Всего лишь неделю назад он, как обычно, прогуливался по парку Бэттери во время обеденного перерыва, где высмотрел девушку в голубых Докинсах, одетую в куртку с надписью «Детройт Пистоне» и сидевшую на скамейке. Взгляд ее был обращен на гавань. Она потягивала пиво из полиэтиленового пакета. Сев рядом с ней, но не настолько близко, чтобы испугать, Барнс поинтересовался, не встречались ли они раньше. Незнакомка ответила отрицательно, а он рассмеялся, сказав, что она не должна понять его неправильно — он был уверен в том, что они уже где-то встречались. Если только на Аляске, сказала она, поскольку она была родом оттуда, а в Нью-Йорке была впервые. Он предложил ей показать город Нью-Йорк, город великолепный, но жестоко обращавшийся с туристами. На это она ему объяснила, что приехала не в качестве туристки, а для того, чтобы прихватить фунтов двести «травки». Барнс тогда снова рассмеялся, посоветовав девушке не быть такой откровенной с незнакомцами — ведь он мог быть наркоманом. Эту вероятность девушка отвергла, но уверенно сказала, что он женат, — она различала, где наркоман, а где женатый человек. Затем она поднялась со скамьи, раздавила пакет с находившейся в нем банкой из-под пива и швырнула их в урну, пожелав ему всех благ. В этом было что-то пленительное. Что оставалось делать женатым? Только и оставалось, что говорить, чтобы их поняли правильно.

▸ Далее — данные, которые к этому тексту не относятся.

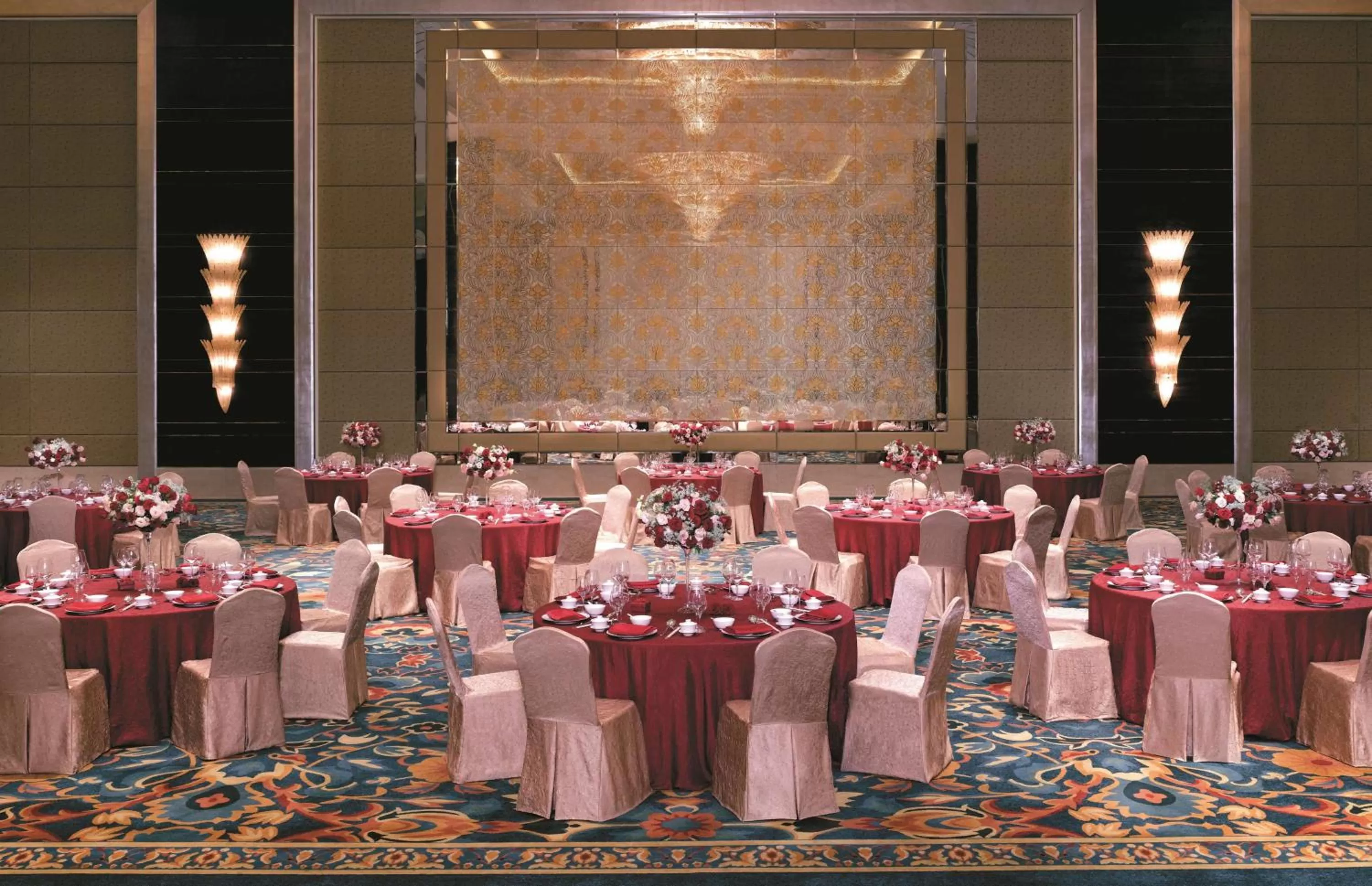 wedding in Shangri-La Qingdao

Сюзан закрыла дверь и стала, повернувшись к ней спиной.
— В секретере у Пола я нашла десять тысяч долларов.
— Почему же ты нам ничего не сказала?
— Я только что это сделала.
— Раньше почему не сказала?
— Я обнаружила деньги сегодня утром и полагала, что вечером он вернется. Когда его убили?
— Вчера.
— Еще вчера? И ты мне ничего не мог сказать раньше?
— Я не мог сообщить раньше, Сюзан. Нам нужно было узнать как можно больше о случившемся.